Bewertungsprobleme an der Schnittstelle von biografischer Historizität und Literatur

Der Sammelband „Deutsch-deutsches Literaturexil“ von Walter Schmitz und Jörg Bernig nimmt Werk und Leben von DDR-Schriftstellern in den Blick

Von Juliane SchöneichRSS-Newsfeed neuer Artikel von Juliane Schöneich

Besprochene Bücher / Literaturhinweise

Die Zunahme von Sekundärliteratur zur deutsch-deutschen Thematik ist, knapp 20 Jahre nach dem Mauerfall, nicht erstaunlich. Schon der zeitliche Abstand ermöglicht die noch immer, zumindest teil-politisch motivierte, Nachbewertung und Historisierung von Literatur aus der DDR. Der pünktlich vorliegende Sammelband von Walter Schmitz und Jörg Bernig beschäftigt sich mit einer Literatur, die im Anschluss an das Schockpostulat „zweier deutscher Literaturen“ von 1975, von Fritz J. Raddatz 1987 als „dritte deutsche Literatur“ bezeichnet wurde. Es ist die Literatur jener Autoren, die aus der DDR in die BRD übergesiedelt waren.
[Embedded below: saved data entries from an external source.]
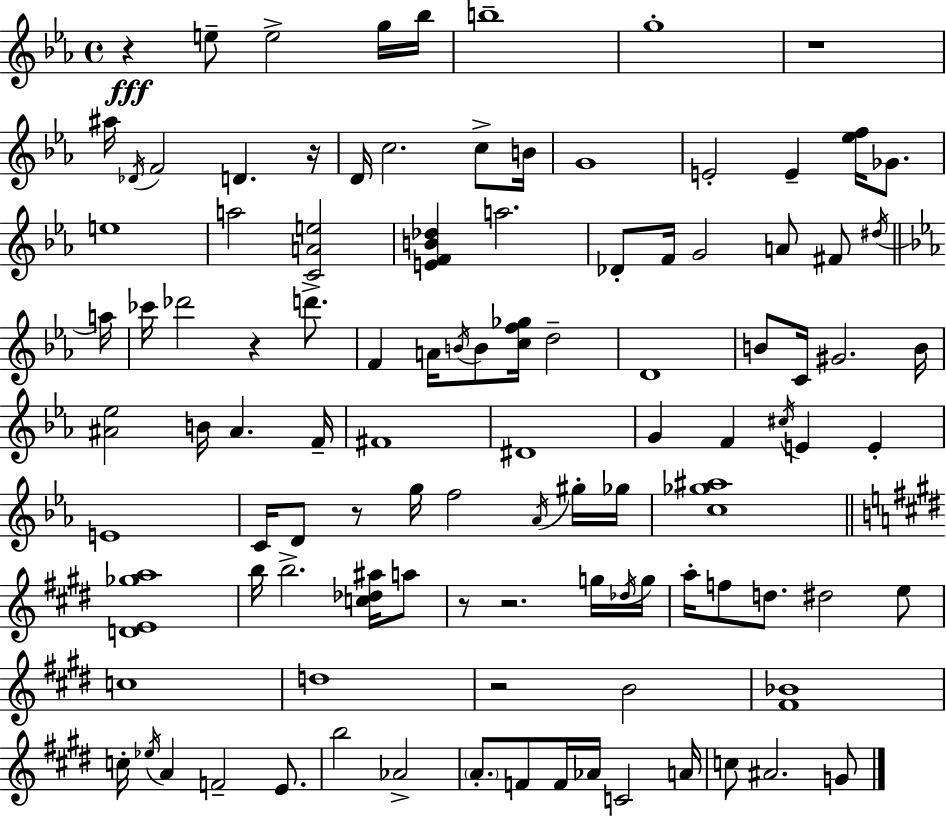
R/q E5/e E5/h G5/s Bb5/s B5/w G5/w R/w A#5/s Db4/s F4/h D4/q. R/s D4/s C5/h. C5/e B4/s G4/w E4/h E4/q [Eb5,F5]/s Gb4/e. E5/w A5/h [C4,A4,E5]/h [E4,F4,B4,Db5]/q A5/h. Db4/e F4/s G4/h A4/e F#4/e D#5/s A5/s CES6/s Db6/h R/q D6/e. F4/q A4/s B4/s B4/e [C5,F5,Gb5]/s D5/h D4/w B4/e C4/s G#4/h. B4/s [A#4,Eb5]/h B4/s A#4/q. F4/s F#4/w D#4/w G4/q F4/q C#5/s E4/q E4/q E4/w C4/s D4/e R/e G5/s F5/h Ab4/s G#5/s Gb5/s [C5,Gb5,A#5]/w [D4,E4,Gb5,A5]/w B5/s B5/h. [C5,Db5,A#5]/s A5/e R/e R/h. G5/s Db5/s G5/s A5/s F5/e D5/e. D#5/h E5/e C5/w D5/w R/h B4/h [F#4,Bb4]/w C5/s Eb5/s A4/q F4/h E4/e. B5/h Ab4/h A4/e. F4/e F4/s Ab4/s C4/h A4/s C5/e A#4/h. G4/e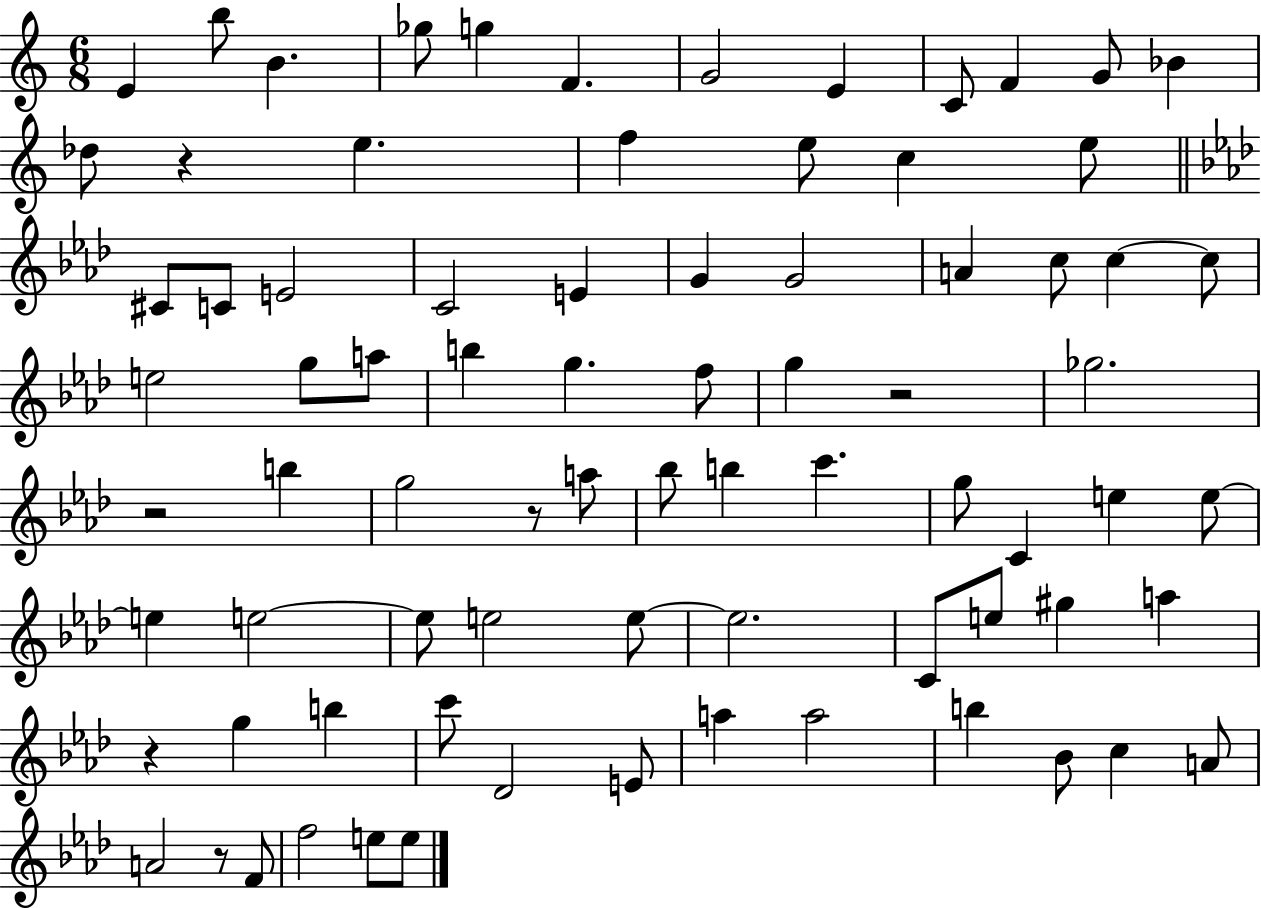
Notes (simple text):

E4/q B5/e B4/q. Gb5/e G5/q F4/q. G4/h E4/q C4/e F4/q G4/e Bb4/q Db5/e R/q E5/q. F5/q E5/e C5/q E5/e C#4/e C4/e E4/h C4/h E4/q G4/q G4/h A4/q C5/e C5/q C5/e E5/h G5/e A5/e B5/q G5/q. F5/e G5/q R/h Gb5/h. R/h B5/q G5/h R/e A5/e Bb5/e B5/q C6/q. G5/e C4/q E5/q E5/e E5/q E5/h E5/e E5/h E5/e E5/h. C4/e E5/e G#5/q A5/q R/q G5/q B5/q C6/e Db4/h E4/e A5/q A5/h B5/q Bb4/e C5/q A4/e A4/h R/e F4/e F5/h E5/e E5/e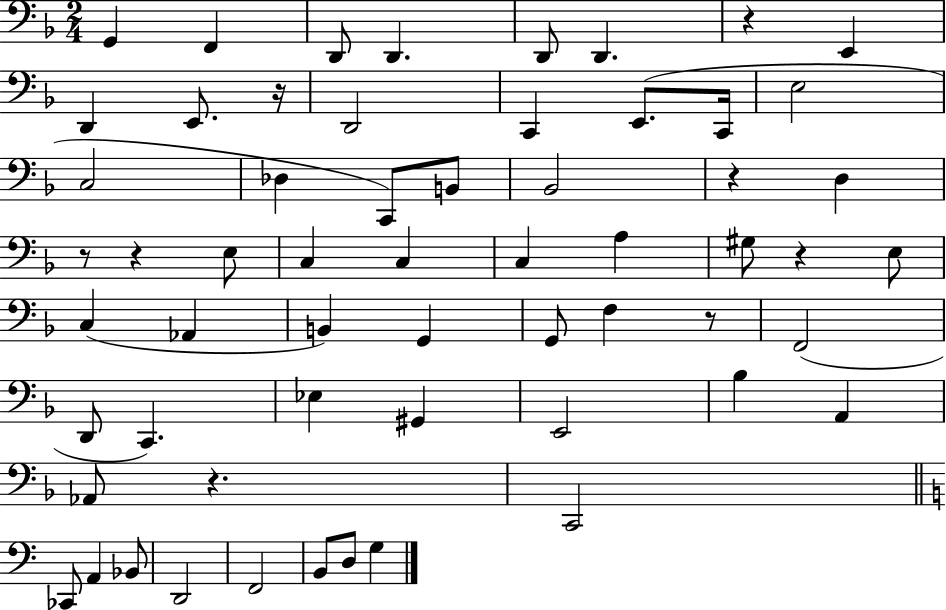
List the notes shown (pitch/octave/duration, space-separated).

G2/q F2/q D2/e D2/q. D2/e D2/q. R/q E2/q D2/q E2/e. R/s D2/h C2/q E2/e. C2/s E3/h C3/h Db3/q C2/e B2/e Bb2/h R/q D3/q R/e R/q E3/e C3/q C3/q C3/q A3/q G#3/e R/q E3/e C3/q Ab2/q B2/q G2/q G2/e F3/q R/e F2/h D2/e C2/q. Eb3/q G#2/q E2/h Bb3/q A2/q Ab2/e R/q. C2/h CES2/e A2/q Bb2/e D2/h F2/h B2/e D3/e G3/q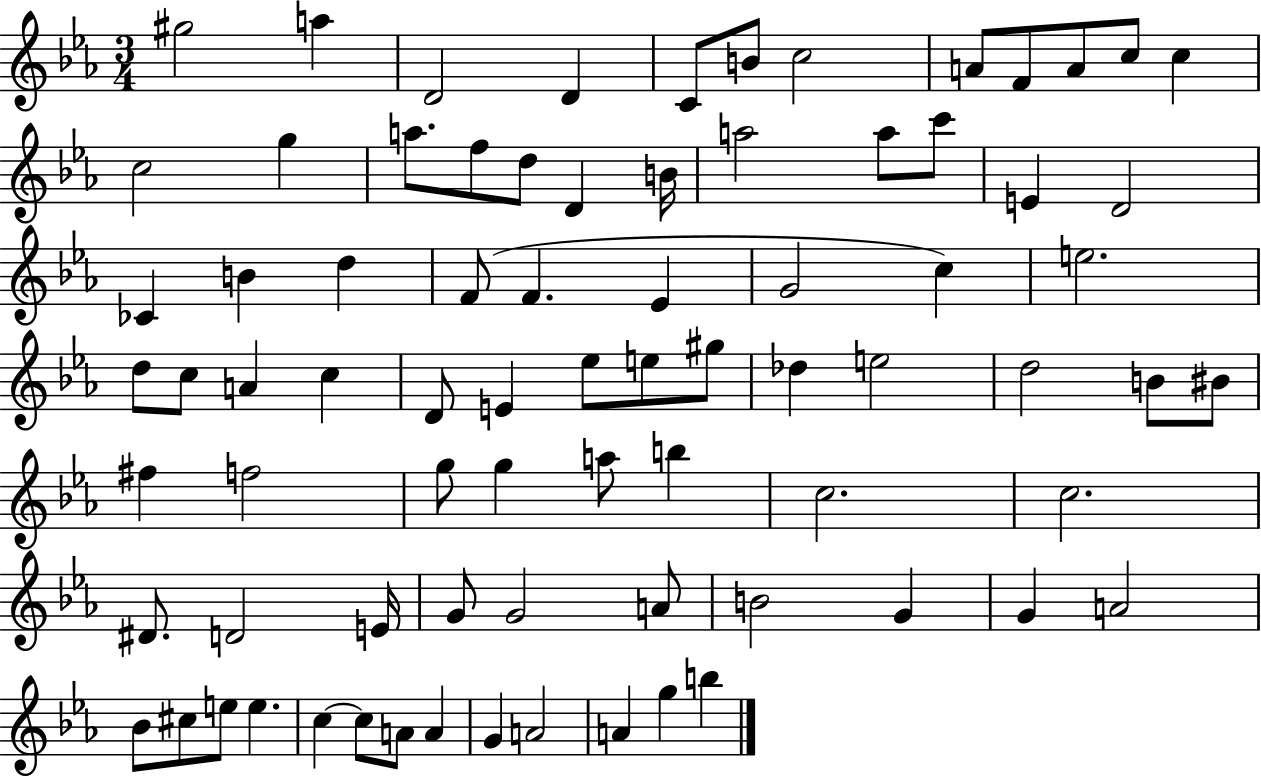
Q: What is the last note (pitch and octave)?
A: B5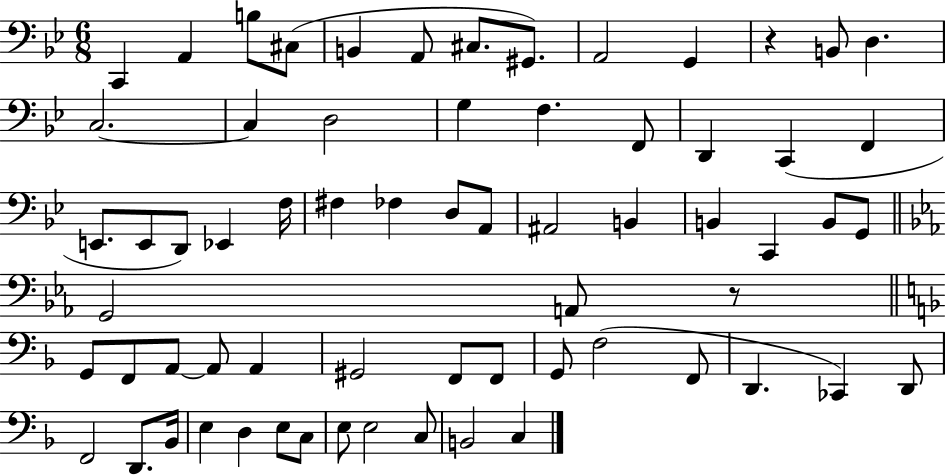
C2/q A2/q B3/e C#3/e B2/q A2/e C#3/e. G#2/e. A2/h G2/q R/q B2/e D3/q. C3/h. C3/q D3/h G3/q F3/q. F2/e D2/q C2/q F2/q E2/e. E2/e D2/e Eb2/q F3/s F#3/q FES3/q D3/e A2/e A#2/h B2/q B2/q C2/q B2/e G2/e G2/h A2/e R/e G2/e F2/e A2/e A2/e A2/q G#2/h F2/e F2/e G2/e F3/h F2/e D2/q. CES2/q D2/e F2/h D2/e. Bb2/s E3/q D3/q E3/e C3/e E3/e E3/h C3/e B2/h C3/q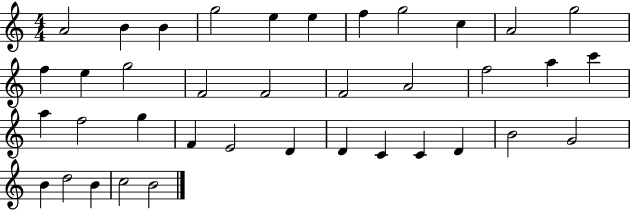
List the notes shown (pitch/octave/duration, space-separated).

A4/h B4/q B4/q G5/h E5/q E5/q F5/q G5/h C5/q A4/h G5/h F5/q E5/q G5/h F4/h F4/h F4/h A4/h F5/h A5/q C6/q A5/q F5/h G5/q F4/q E4/h D4/q D4/q C4/q C4/q D4/q B4/h G4/h B4/q D5/h B4/q C5/h B4/h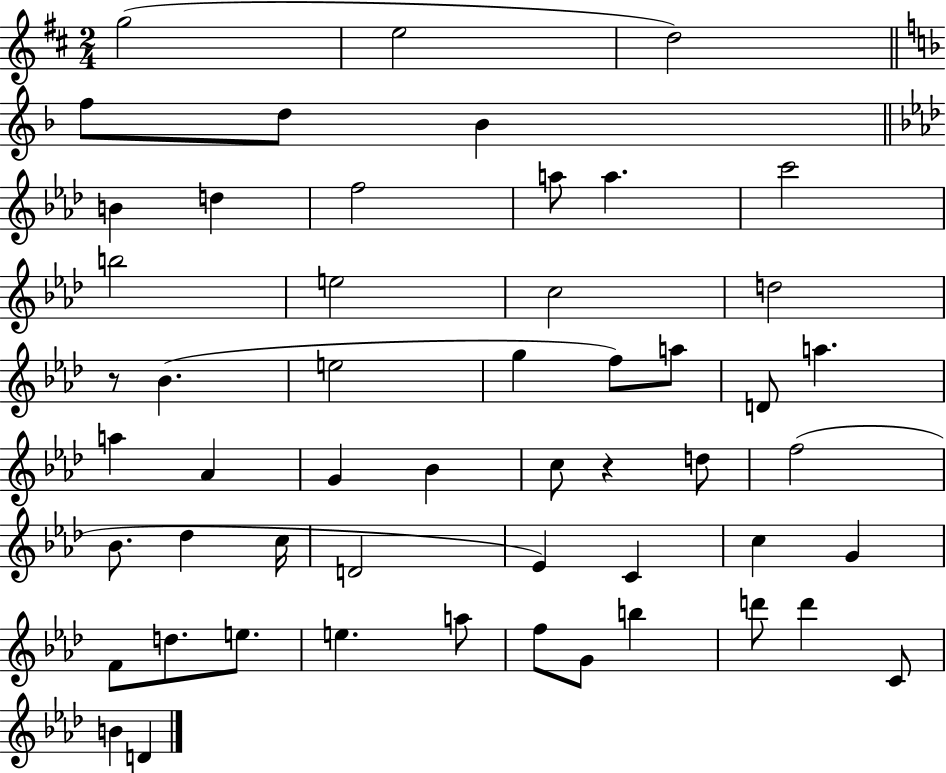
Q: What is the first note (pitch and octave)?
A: G5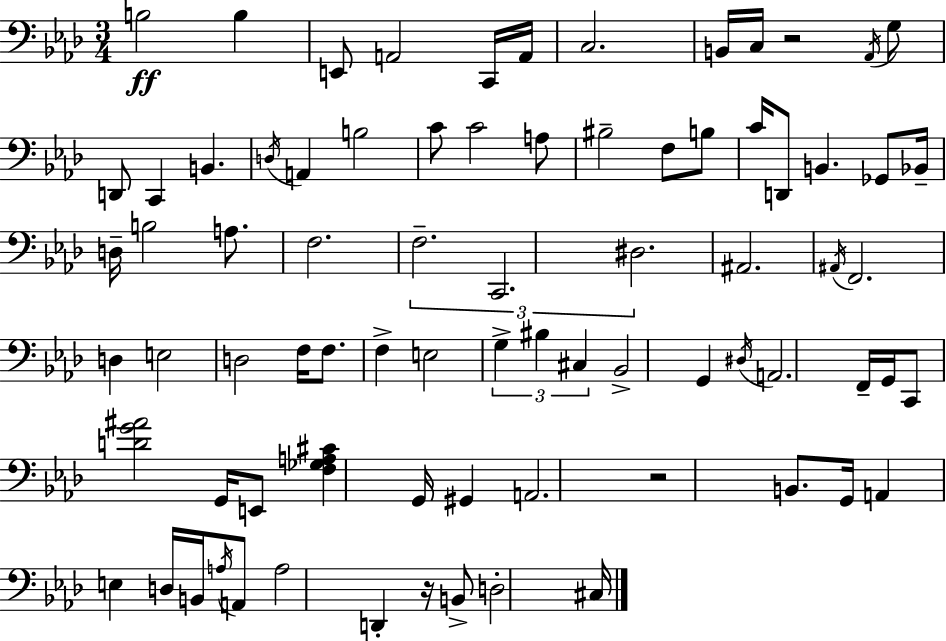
B3/h B3/q E2/e A2/h C2/s A2/s C3/h. B2/s C3/s R/h Ab2/s G3/e D2/e C2/q B2/q. D3/s A2/q B3/h C4/e C4/h A3/e BIS3/h F3/e B3/e C4/s D2/e B2/q. Gb2/e Bb2/s D3/s B3/h A3/e. F3/h. F3/h. C2/h. D#3/h. A#2/h. A#2/s F2/h. D3/q E3/h D3/h F3/s F3/e. F3/q E3/h G3/q BIS3/q C#3/q Bb2/h G2/q D#3/s A2/h. F2/s G2/s C2/e [D4,G4,A#4]/h G2/s E2/e [F3,Gb3,A3,C#4]/q G2/s G#2/q A2/h. R/h B2/e. G2/s A2/q E3/q D3/s B2/s A3/s A2/e A3/h D2/q R/s B2/e D3/h C#3/s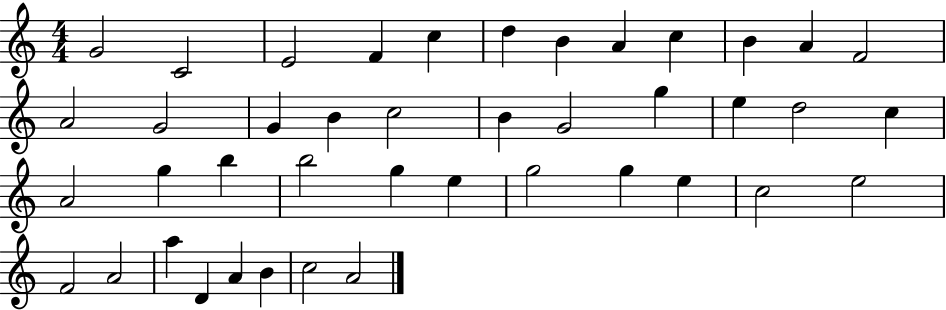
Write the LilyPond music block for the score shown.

{
  \clef treble
  \numericTimeSignature
  \time 4/4
  \key c \major
  g'2 c'2 | e'2 f'4 c''4 | d''4 b'4 a'4 c''4 | b'4 a'4 f'2 | \break a'2 g'2 | g'4 b'4 c''2 | b'4 g'2 g''4 | e''4 d''2 c''4 | \break a'2 g''4 b''4 | b''2 g''4 e''4 | g''2 g''4 e''4 | c''2 e''2 | \break f'2 a'2 | a''4 d'4 a'4 b'4 | c''2 a'2 | \bar "|."
}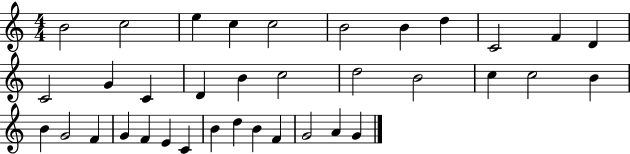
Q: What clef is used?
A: treble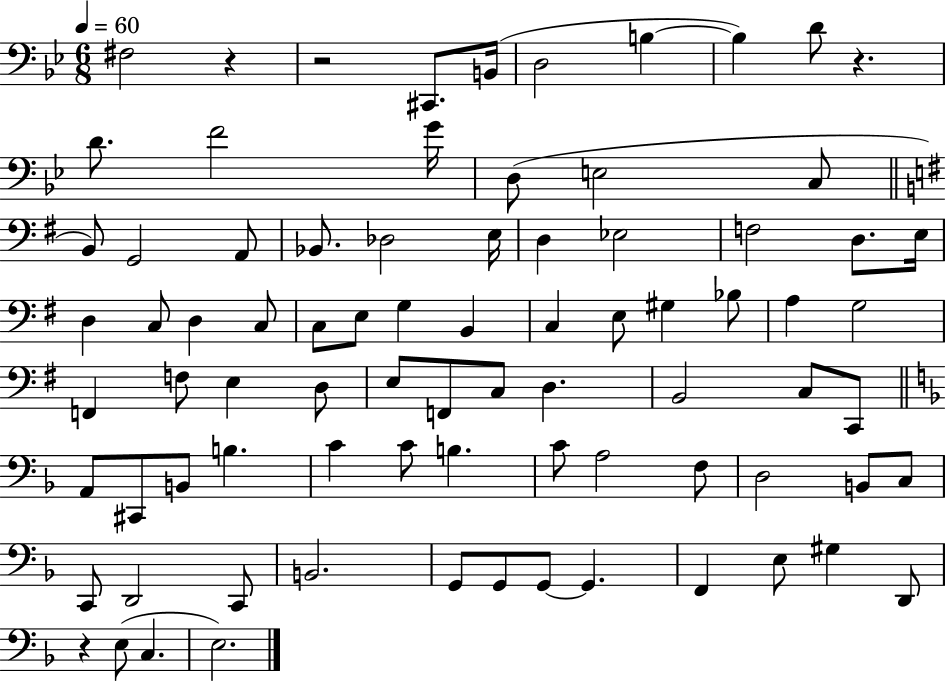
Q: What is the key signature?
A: BES major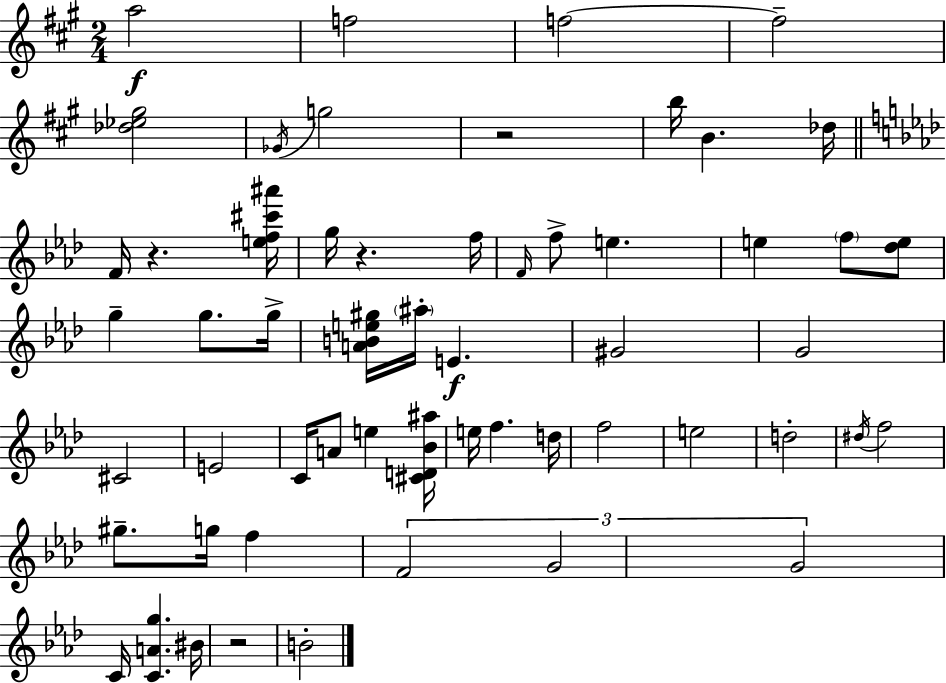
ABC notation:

X:1
T:Untitled
M:2/4
L:1/4
K:A
a2 f2 f2 f2 [_d_e^g]2 _G/4 g2 z2 b/4 B _d/4 F/4 z [ef^c'^a']/4 g/4 z f/4 F/4 f/2 e e f/2 [_de]/2 g g/2 g/4 [ABe^g]/4 ^a/4 E ^G2 G2 ^C2 E2 C/4 A/2 e [^CD_B^a]/4 e/4 f d/4 f2 e2 d2 ^d/4 f2 ^g/2 g/4 f F2 G2 G2 C/4 [CAg] ^B/4 z2 B2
Ein erster Rahmen wird durch den umfangreichen Aufsatz von Schmitz abgesteckt. Hier werden aus historischer, sozial- und kulturgeschichtlicher Sicht, aber eben auch spürbar politisch akzentuiert, gesellschaftliche Zusammenhänge verdeutlicht und Positionsbestimmungen ausgewanderter Autoren vorgenommen. Den zweiten, deutlich größeren Teil bilden Autoren- und Werkbesprechungen verschiedener Beitragender. Positiv hervorzuheben sind die für einen Kurzüberblick hilfreichen biobibliografischen Angaben zu den jeweils besprochenen Autoren am Ende jeden Aufsatzes sowie das, leider noch immer nicht selbstverständliche, Personenregister.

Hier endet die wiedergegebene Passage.